## ACTIVITY
Transcribe every entry precisely, omitting nothing.
───── SOURCE DATA ─────
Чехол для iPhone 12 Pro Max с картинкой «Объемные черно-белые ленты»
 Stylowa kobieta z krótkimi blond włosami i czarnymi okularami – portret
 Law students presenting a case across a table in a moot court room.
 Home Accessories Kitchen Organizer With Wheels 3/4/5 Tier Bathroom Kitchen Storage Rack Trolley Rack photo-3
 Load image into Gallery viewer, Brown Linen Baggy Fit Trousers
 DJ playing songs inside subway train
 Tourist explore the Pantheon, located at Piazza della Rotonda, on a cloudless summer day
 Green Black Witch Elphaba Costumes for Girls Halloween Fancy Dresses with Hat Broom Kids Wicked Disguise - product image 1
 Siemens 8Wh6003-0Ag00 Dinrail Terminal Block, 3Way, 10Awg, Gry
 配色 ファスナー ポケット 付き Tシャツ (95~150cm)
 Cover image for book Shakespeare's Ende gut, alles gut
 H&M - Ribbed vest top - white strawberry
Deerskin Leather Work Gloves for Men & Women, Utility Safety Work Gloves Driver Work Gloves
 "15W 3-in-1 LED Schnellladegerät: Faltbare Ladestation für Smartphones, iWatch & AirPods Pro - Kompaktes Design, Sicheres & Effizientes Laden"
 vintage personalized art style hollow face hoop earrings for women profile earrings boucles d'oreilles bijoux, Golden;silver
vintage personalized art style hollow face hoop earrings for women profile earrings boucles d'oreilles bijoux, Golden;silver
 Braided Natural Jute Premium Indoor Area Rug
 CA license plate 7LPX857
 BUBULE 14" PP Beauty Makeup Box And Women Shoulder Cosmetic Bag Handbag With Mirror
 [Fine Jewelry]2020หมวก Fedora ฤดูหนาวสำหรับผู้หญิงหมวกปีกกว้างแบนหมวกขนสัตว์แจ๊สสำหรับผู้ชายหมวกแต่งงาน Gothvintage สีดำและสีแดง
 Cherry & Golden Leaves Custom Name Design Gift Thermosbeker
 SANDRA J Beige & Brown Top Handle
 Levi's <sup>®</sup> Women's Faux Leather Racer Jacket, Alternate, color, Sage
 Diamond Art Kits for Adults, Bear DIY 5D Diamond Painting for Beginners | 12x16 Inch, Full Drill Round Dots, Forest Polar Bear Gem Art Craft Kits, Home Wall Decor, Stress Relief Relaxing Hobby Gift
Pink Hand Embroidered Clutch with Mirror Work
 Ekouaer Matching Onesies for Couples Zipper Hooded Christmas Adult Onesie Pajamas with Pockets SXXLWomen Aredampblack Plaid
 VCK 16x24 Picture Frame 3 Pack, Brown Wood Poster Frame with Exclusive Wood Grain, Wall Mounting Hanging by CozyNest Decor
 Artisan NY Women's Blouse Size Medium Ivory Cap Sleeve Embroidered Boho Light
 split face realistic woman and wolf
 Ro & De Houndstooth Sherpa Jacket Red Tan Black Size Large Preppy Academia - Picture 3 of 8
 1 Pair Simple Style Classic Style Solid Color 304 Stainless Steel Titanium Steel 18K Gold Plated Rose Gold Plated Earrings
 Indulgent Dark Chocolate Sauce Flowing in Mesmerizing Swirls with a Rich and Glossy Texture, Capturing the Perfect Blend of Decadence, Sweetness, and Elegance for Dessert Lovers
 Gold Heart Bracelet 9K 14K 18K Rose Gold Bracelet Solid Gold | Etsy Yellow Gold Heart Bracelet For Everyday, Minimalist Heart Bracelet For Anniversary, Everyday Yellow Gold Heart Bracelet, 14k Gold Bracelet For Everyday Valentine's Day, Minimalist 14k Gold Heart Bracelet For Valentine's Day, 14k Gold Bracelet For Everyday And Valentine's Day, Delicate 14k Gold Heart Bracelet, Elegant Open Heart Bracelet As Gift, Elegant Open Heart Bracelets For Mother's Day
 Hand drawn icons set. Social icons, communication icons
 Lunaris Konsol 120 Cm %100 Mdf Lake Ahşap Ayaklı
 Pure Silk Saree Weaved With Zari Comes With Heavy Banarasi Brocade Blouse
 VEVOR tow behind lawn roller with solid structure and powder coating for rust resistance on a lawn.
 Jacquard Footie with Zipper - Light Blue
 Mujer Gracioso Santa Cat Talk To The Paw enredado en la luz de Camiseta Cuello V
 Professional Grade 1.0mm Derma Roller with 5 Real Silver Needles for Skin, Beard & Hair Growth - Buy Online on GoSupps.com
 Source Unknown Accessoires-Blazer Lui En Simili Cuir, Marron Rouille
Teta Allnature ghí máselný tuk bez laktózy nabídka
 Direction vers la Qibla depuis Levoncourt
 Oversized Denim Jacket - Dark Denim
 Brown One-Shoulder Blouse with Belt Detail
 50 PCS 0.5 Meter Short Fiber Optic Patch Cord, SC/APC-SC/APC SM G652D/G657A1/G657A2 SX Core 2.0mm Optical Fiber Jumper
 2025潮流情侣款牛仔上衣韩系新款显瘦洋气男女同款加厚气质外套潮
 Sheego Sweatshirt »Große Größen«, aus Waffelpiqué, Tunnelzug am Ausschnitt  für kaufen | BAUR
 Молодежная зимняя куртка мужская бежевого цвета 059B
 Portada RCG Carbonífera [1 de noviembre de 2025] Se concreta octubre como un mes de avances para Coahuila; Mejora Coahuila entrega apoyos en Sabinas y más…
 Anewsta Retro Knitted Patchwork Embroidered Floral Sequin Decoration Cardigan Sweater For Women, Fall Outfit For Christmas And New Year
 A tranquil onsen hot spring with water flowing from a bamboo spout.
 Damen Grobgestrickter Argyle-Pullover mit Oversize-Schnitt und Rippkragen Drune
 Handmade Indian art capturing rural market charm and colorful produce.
─────
## YOUR RESPONSE
Чехол для iPhone 12 Pro Max с картинкой «Объемные черно-белые ленты»
 Stylowa kobieta z krótkimi blond włosami i czarnymi okularami – portret
 Law students presenting a case across a table in a moot court room.
 Home Accessories Kitchen Organizer With Wheels 3/4/5 Tier Bathroom Kitchen Storage Rack Trolley Rack photo-3
 Load image into Gallery viewer, Brown Linen Baggy Fit Trousers
 DJ playing songs inside subway train
 Tourist explore the Pantheon, located at Piazza della Rotonda, on a cloudless summer day
 Green Black Witch Elphaba Costumes for Girls Halloween Fancy Dresses with Hat Broom Kids Wicked Disguise - product image 1
 Siemens 8Wh6003-0Ag00 Dinrail Terminal Block, 3Way, 10Awg, Gry
 配色 ファスナー ポケット 付き Tシャツ (95~150cm)
 Cover image for book Shakespeare's Ende gut, alles gut
 H&M - Ribbed vest top - white strawberry
Deerskin Leather Work Gloves for Men & Women, Utility Safety Work Gloves Driver Work Gloves
 "15W 3-in-1 LED Schnellladegerät: Faltbare Ladestation für Smartphones, iWatch & AirPods Pro - Kompaktes Design, Sicheres & Effizientes Laden"
 vintage personalized art style hollow face hoop earrings for women profile earrings boucles d'oreilles bijoux, Golden;silver
vintage personalized art style hollow face hoop earrings for women profile earrings boucles d'oreilles bijoux, Golden;silver
 Braided Natural Jute Premium Indoor Area Rug
 CA license plate 7LPX857
 BUBULE 14" PP Beauty Makeup Box And Women Shoulder Cosmetic Bag Handbag With Mirror
 [Fine Jewelry]2020หมวก Fedora ฤดูหนาวสำหรับผู้หญิงหมวกปีกกว้างแบนหมวกขนสัตว์แจ๊สสำหรับผู้ชายหมวกแต่งงาน Gothvintage สีดำและสีแดง
 Cherry & Golden Leaves Custom Name Design Gift Thermosbeker
 SANDRA J Beige & Brown Top Handle
 Levi's <sup>®</sup> Women's Faux Leather Racer Jacket, Alternate, color, Sage
 Diamond Art Kits for Adults, Bear DIY 5D Diamond Painting for Beginners | 12x16 Inch, Full Drill Round Dots, Forest Polar Bear Gem Art Craft Kits, Home Wall Decor, Stress Relief Relaxing Hobby Gift
Pink Hand Embroidered Clutch with Mirror Work
 Ekouaer Matching Onesies for Couples Zipper Hooded Christmas Adult Onesie Pajamas with Pockets SXXLWomen Aredampblack Plaid
 VCK 16x24 Picture Frame 3 Pack, Brown Wood Poster Frame with Exclusive Wood Grain, Wall Mounting Hanging by CozyNest Decor
 Artisan NY Women's Blouse Size Medium Ivory Cap Sleeve Embroidered Boho Light
 split face realistic woman and wolf
 Ro & De Houndstooth Sherpa Jacket Red Tan Black Size Large Preppy Academia - Picture 3 of 8
 1 Pair Simple Style Classic Style Solid Color 304 Stainless Steel Titanium Steel 18K Gold Plated Rose Gold Plated Earrings
 Indulgent Dark Chocolate Sauce Flowing in Mesmerizing Swirls with a Rich and Glossy Texture, Capturing the Perfect Blend of Decadence, Sweetness, and Elegance for Dessert Lovers
 Gold Heart Bracelet 9K 14K 18K Rose Gold Bracelet Solid Gold | Etsy Yellow Gold Heart Bracelet For Everyday, Minimalist Heart Bracelet For Anniversary, Everyday Yellow Gold Heart Bracelet, 14k Gold Bracelet For Everyday Valentine's Day, Minimalist 14k Gold Heart Bracelet For Valentine's Day, 14k Gold Bracelet For Everyday And Valentine's Day, Delicate 14k Gold Heart Bracelet, Elegant Open Heart Bracelet As Gift, Elegant Open Heart Bracelets For Mother's Day
 Hand drawn icons set. Social icons, communication icons
 Lunaris Konsol 120 Cm %100 Mdf Lake Ahşap Ayaklı
 Pure Silk Saree Weaved With Zari Comes With Heavy Banarasi Brocade Blouse
 VEVOR tow behind lawn roller with solid structure and powder coating for rust resistance on a lawn.
 Jacquard Footie with Zipper - Light Blue
 Mujer Gracioso Santa Cat Talk To The Paw enredado en la luz de Camiseta Cuello V
 Professional Grade 1.0mm Derma Roller with 5 Real Silver Needles for Skin, Beard & Hair Growth - Buy Online on GoSupps.com
 Source Unknown Accessoires-Blazer Lui En Simili Cuir, Marron Rouille
Teta Allnature ghí máselný tuk bez laktózy nabídka
 Direction vers la Qibla depuis Levoncourt
 Oversized Denim Jacket - Dark Denim
 Brown One-Shoulder Blouse with Belt Detail
 50 PCS 0.5 Meter Short Fiber Optic Patch Cord, SC/APC-SC/APC SM G652D/G657A1/G657A2 SX Core 2.0mm Optical Fiber Jumper
 2025潮流情侣款牛仔上衣韩系新款显瘦洋气男女同款加厚气质外套潮
 Sheego Sweatshirt »Große Größen«, aus Waffelpiqué, Tunnelzug am Ausschnitt  für kaufen | BAUR
 Молодежная зимняя куртка мужская бежевого цвета 059B
 Portada RCG Carbonífera [1 de noviembre de 2025] Se concreta octubre como un mes de avances para Coahuila; Mejora Coahuila entrega apoyos en Sabinas y más…
 Anewsta Retro Knitted Patchwork Embroidered Floral Sequin Decoration Cardigan Sweater For Women, Fall Outfit For Christmas And New Year
 A tranquil onsen hot spring with water flowing from a bamboo spout.
 Damen Grobgestrickter Argyle-Pullover mit Oversize-Schnitt und Rippkragen Drune
 Handmade Indian art capturing rural market charm and colorful produce.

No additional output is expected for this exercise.